Task prompt:
Repeat the records below exactly, leaving out any pictures.

Records from a data source
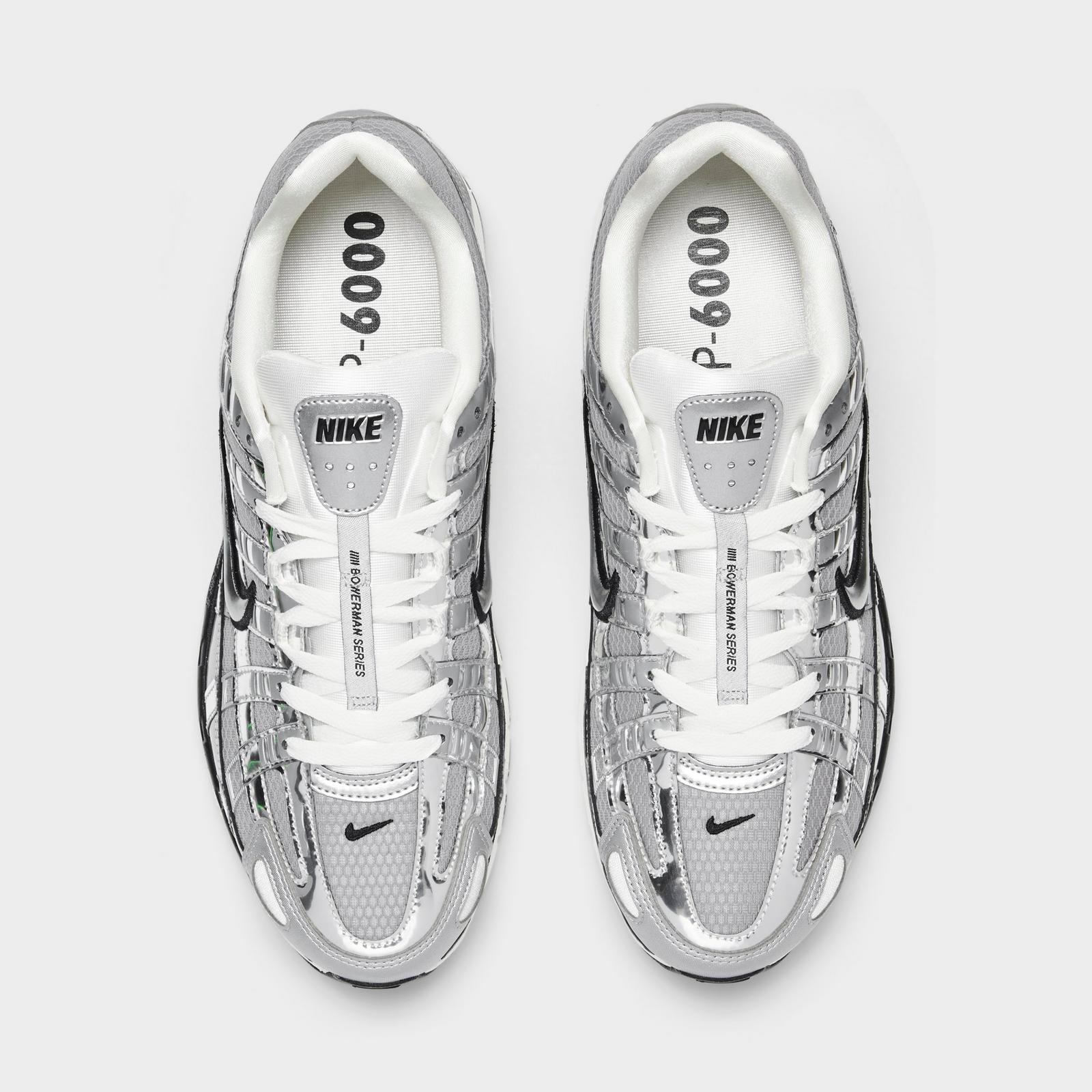 Men's Nike P-6000 Casual Shoes - Metallic Silver/Sail/Black/Metallic Silver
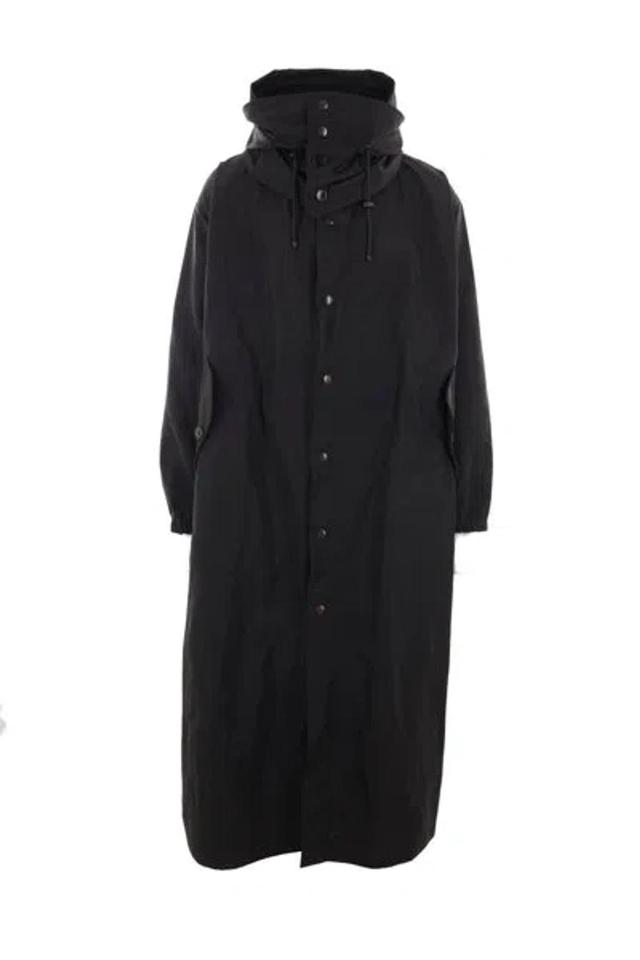 Hooded Straight Hem Coat In Black Product Image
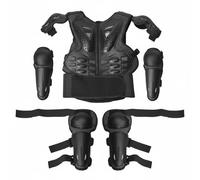 predolo Armatura Protettiva Bambini Set Guardie Bambino Corpetto Ginocchiere Gomitiere con Imbottitura in Schiuma Fodera Morbida , Nero , Taglia Unica Adatta Per 7-12 Anni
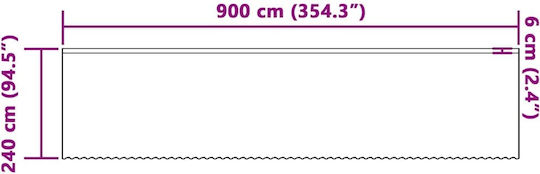vidaXL Perdea Cu Bretele Albă 900x240cm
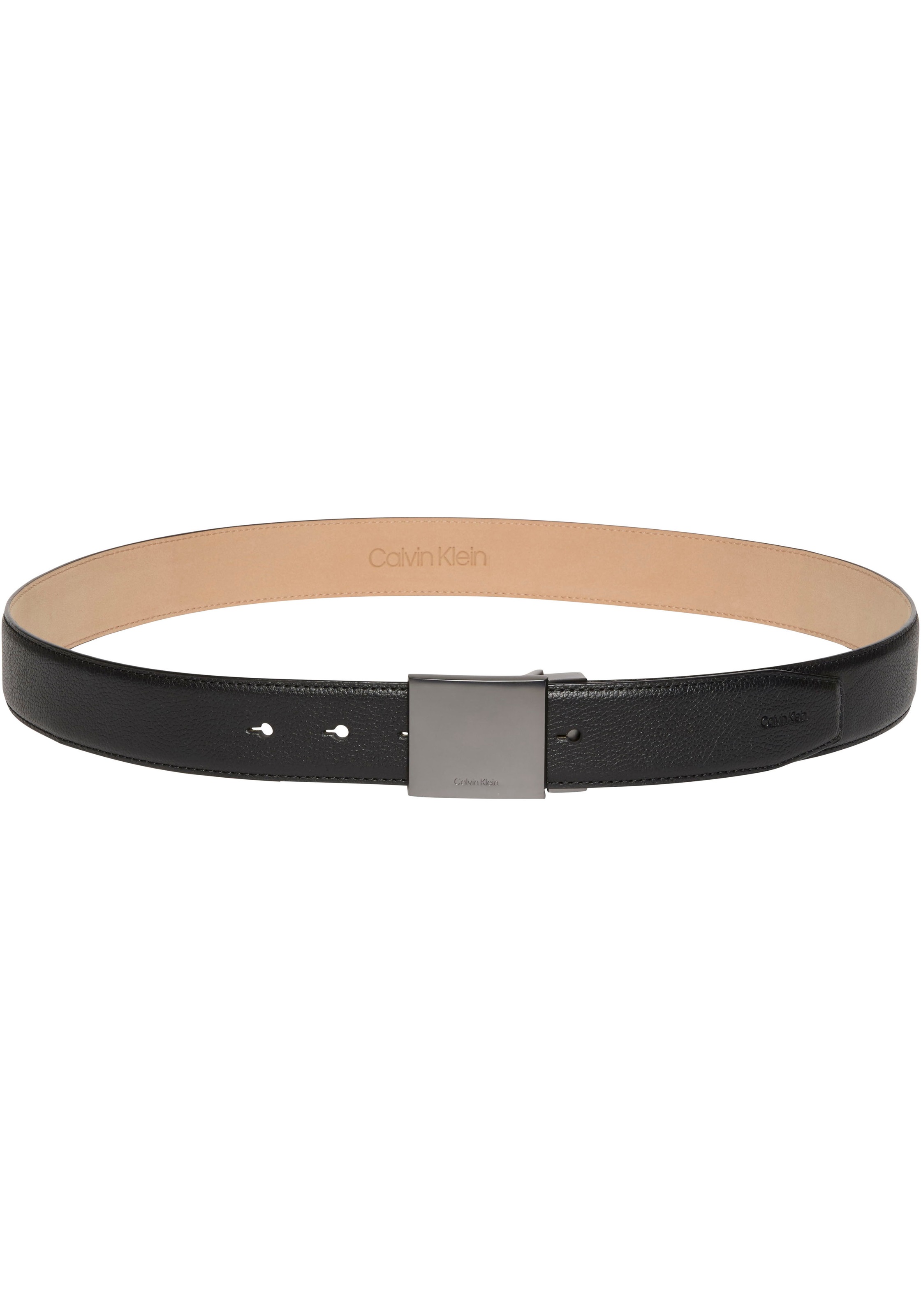 Calvin Klein Ledergürtel "DRESS PLAQUE PEBBLE 35MM ADJ" Größenverstellbar m günstig online kaufen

Output:
 Men's Nike P-6000 Casual Shoes - Metallic Silver/Sail/Black/Metallic Silver
 Hooded Straight Hem Coat In Black Product Image
 predolo Armatura Protettiva Bambini Set Guardie Bambino Corpetto Ginocchiere Gomitiere con Imbottitura in Schiuma Fodera Morbida , Nero , Taglia Unica Adatta Per 7-12 Anni
vidaXL Perdea Cu Bretele Albă 900x240cm
 Calvin Klein Ledergürtel "DRESS PLAQUE PEBBLE 35MM ADJ" Größenverstellbar m günstig online kaufen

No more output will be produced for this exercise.